Excel names the functions that pertain to the normal
distribution so that you can tell whether you’re dealing with any normal
distribution, or the unit normal distribution with a mean of 0 and a
standard deviation of 1.
Excel refers to the unit normal distribution as the “standard” normal, and therefore uses the letter s
in the function’s name. So the NORM.DIST() function refers to any
normal distribution, whereas the NORMSDIST() compatibility function and
the NORM.S.DIST() consistency function refer specifically to the unit
normal distribution.
The NORM.DIST() Function
Suppose you’re
interested in the distribution in the population of high-density
lipoprotein (HDL) levels in adults over 20 years of age. That variable
is normally measured in milligrams per deciliter of blood (mg/dl).
Assuming HDL levels are normally distributed (and they are), you can
learn more about the distribution of HDL in the population by applying
your knowledge of the normal curve. One way to do so is by using Excel’s
NORM.DIST() function.
NORM.DIST() Syntax
The NORM.DIST() function takes the following data as its arguments:
x—
This is a value in the distribution you’re evaluating. If you’re
evaluating high-density lipoprotein (HDL) levels, you might be
interested in one specific level—say, 60. That specific value is the one
you would provide as the first argument to NORM.DIST().
Mean—
The second argument is the mean of the distribution you’re evaluating.

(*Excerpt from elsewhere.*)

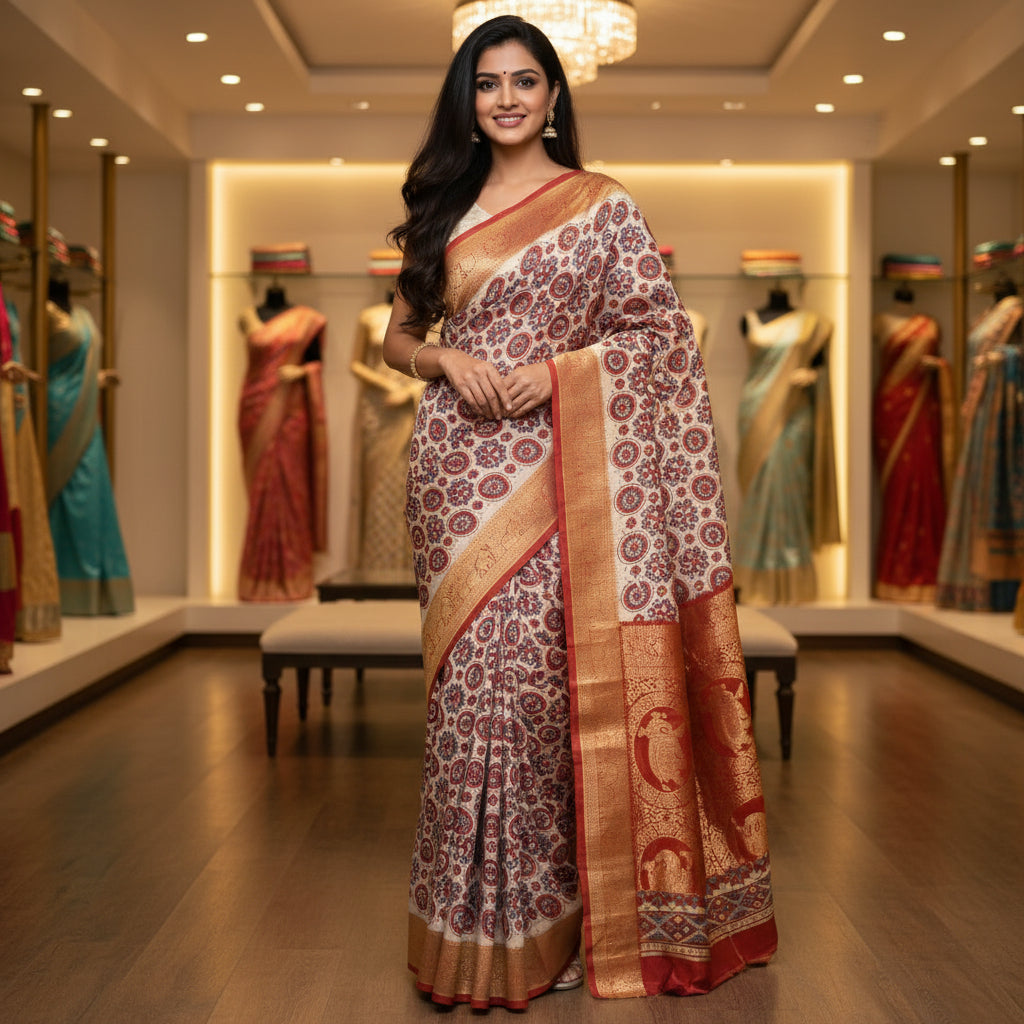 Half-white dola silk ajrakh handblock printed saree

Suppose that the mean HDL among humans over 20 years of age is 54.3.
Standard Deviation—
The third argument is the standard deviation of the distribution you’re
evaluating. Suppose that the standard deviation of HDL levels is 15.
Cumulative— The
fourth argument indicates whether you want the cumulative probability
of HDL levels from 0 to x (which we’re taking to be 56 in this example),
or the probability of having an HDL level of specifically x (that is,
56). If you want the cumulative probability, use TRUE as the fourth
argument. If you want the specific probability, use FALSE.
Requesting the Cumulative Probability
The formula
=NORM.DIST(60, 54.3, 15, TRUE)
returns .648, or 64.8%. This means that 64.8% of the area under the distribution of HDL levels is between 0 and 60 mg/dl. Figure 1 shows this result.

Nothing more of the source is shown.